The problem:
Your job is to copy all the entries precisely as they stand.

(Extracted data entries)
Content starts

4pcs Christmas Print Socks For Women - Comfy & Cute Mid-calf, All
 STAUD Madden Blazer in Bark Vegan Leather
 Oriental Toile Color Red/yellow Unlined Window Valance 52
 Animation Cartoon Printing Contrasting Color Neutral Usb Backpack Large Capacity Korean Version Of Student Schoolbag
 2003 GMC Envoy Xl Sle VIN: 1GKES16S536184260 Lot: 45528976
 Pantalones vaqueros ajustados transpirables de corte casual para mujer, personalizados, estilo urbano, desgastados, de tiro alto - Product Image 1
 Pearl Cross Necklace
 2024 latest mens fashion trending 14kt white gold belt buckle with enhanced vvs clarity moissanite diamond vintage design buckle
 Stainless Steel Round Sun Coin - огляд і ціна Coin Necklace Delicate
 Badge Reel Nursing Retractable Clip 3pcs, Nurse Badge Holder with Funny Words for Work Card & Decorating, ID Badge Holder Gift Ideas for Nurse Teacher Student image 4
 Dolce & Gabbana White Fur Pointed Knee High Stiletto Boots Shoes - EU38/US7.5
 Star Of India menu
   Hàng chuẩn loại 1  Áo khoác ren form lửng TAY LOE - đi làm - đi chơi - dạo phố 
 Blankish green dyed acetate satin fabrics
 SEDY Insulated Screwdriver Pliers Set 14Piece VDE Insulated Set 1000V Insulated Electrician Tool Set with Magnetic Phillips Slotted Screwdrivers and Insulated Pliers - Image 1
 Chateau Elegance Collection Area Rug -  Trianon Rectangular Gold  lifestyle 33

Content ends

Result of the exercise:
4pcs Christmas Print Socks For Women - Comfy & Cute Mid-calf, All
 STAUD Madden Blazer in Bark Vegan Leather
 Oriental Toile Color Red/yellow Unlined Window Valance 52
 Animation Cartoon Printing Contrasting Color Neutral Usb Backpack Large Capacity Korean Version Of Student Schoolbag
 2003 GMC Envoy Xl Sle VIN: 1GKES16S536184260 Lot: 45528976
 Pantalones vaqueros ajustados transpirables de corte casual para mujer, personalizados, estilo urbano, desgastados, de tiro alto - Product Image 1
 Pearl Cross Necklace
 2024 latest mens fashion trending 14kt white gold belt buckle with enhanced vvs clarity moissanite diamond vintage design buckle
 Stainless Steel Round Sun Coin - огляд і ціна Coin Necklace Delicate
 Badge Reel Nursing Retractable Clip 3pcs, Nurse Badge Holder with Funny Words for Work Card & Decorating, ID Badge Holder Gift Ideas for Nurse Teacher Student image 4
 Dolce & Gabbana White Fur Pointed Knee High Stiletto Boots Shoes - EU38/US7.5
 Star Of India menu
   Hàng chuẩn loại 1  Áo khoác ren form lửng TAY LOE - đi làm - đi chơi - dạo phố 
 Blankish green dyed acetate satin fabrics
 SEDY Insulated Screwdriver Pliers Set 14Piece VDE Insulated Set 1000V Insulated Electrician Tool Set with Magnetic Phillips Slotted Screwdrivers and Insulated Pliers - Image 1
 Chateau Elegance Collection Area Rug -  Trianon Rectangular Gold  lifestyle 33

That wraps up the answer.